キャバリアは本来トリミング犬種ではありませんが、健康面や衛生面、見た目を良くする目的などからトリミングしている飼い主さんも多いようです。
しかし、被毛は体の保温機能を高める役割も持ちますので、寒い季節には極端なトリミングカットを控えるようにしましょう。

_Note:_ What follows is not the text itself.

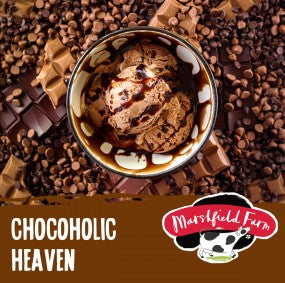Marshfield Chocoholic Heaven Ice Cream 4ltr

足裏や肛門周りなどの部分カットは、安全・清潔に過ごすために必要なことですが、見栄えを良くするため、抜け毛を抑えるための理由からの季節外れのサマーカットなどのスタイルはさせないよう注意しましょう。

愛犬が快適に過ごせることを重視してあげてください。

この記事のまとめ

キャバリアの寒さ対策、留守番、夜も安全な防寒方法とは
  • キャバリアは寒さに弱い!!
    小型犬であること、室内犬であることから寒さへの耐性が低い
  • キャバリアが快適に過ごせる環境は「室温23~25℃」「湿度40~60%」
  • 寒さは健康を害することも
    「風邪や感染症」「下痢」「関節疾患」「泌尿器系疾患」「心疾患」「呼吸器系疾患」など様々な影響を及ぼす
  • 寒さ対策
    ① 冬用ベッドで寝床を温かく
    ② 毛布やマットはかけるよりも下に敷く方が温かい
    ③ 湯たんぽは安全性の高い防寒対策。短時間の留守番時におすすめ。
    ④ ペットヒーターは最も冷え込む朝晩の使用におすすめ
  • 冬場は乾燥にも要注意!!
  • 外出時には犬服を着せて防寒対策を
  • 冬のトリミングカットは控えましょう

さいごに

キャバリアが病気にならないためにも、寒くても適度な運動をさせてあげること、飲水量に注意してあげるなどの健康管理はしっかり行ってあげてください。

様々な防寒対策を状況に応じて組み合わせることで、寒がりのキャバリアが快適な毎日を過ごせるようになるでしょう。
安全な防寒対策を行って、厳しい冬を元気に乗り越えていきましょう。